Oglala Lakota sources describe the phrase as being spoken at both the beginning and the end of ceremonies.
As a concluding expression in prayer, it has also been compared in function to the Christian use of 'Amen'. Osage theologian George Tinker writes that among the Lakota and Dakota, Mitakuye oyasin is used to end prayers and may also be spoken by itself as a complete prayer.
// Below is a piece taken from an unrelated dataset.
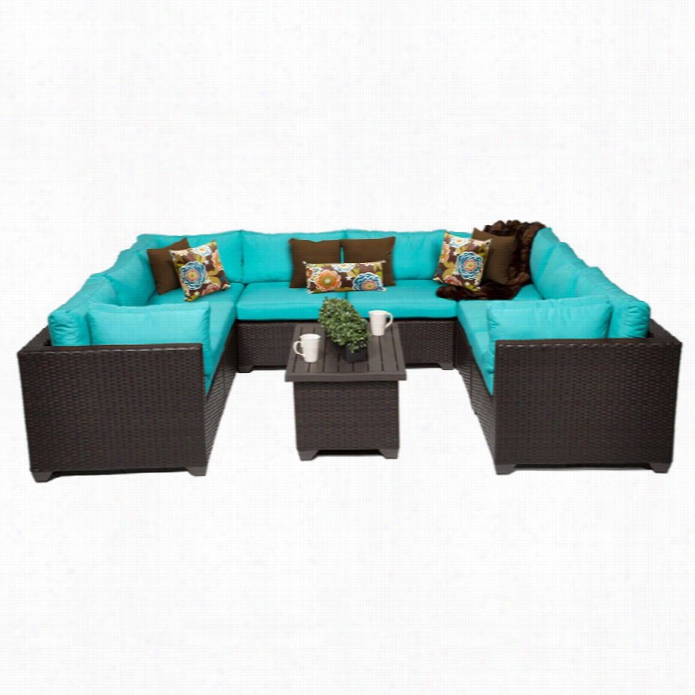 Tkc Belle 9 Piece Outdoor Wicker Sofa Set In Aruba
As such, according to Tinker, it “functions somewhat like the word ‘Amen’ in European and American Christianity.” The comparison with 'Amen' refers to its function as a prayer ending, rather than to its literal meaning; the phrase itself expresses relationship, interconnectedness and oneness with one’s relatives in an extended sense, including all forms of life: other people, animals, birds, insects, trees and plants, rocks, rivers, mountains and valleys.

It has been compared to the philosophy of Marcus Aurelius as written in his book Meditations, where he writes "Always think of the universe as one living organism."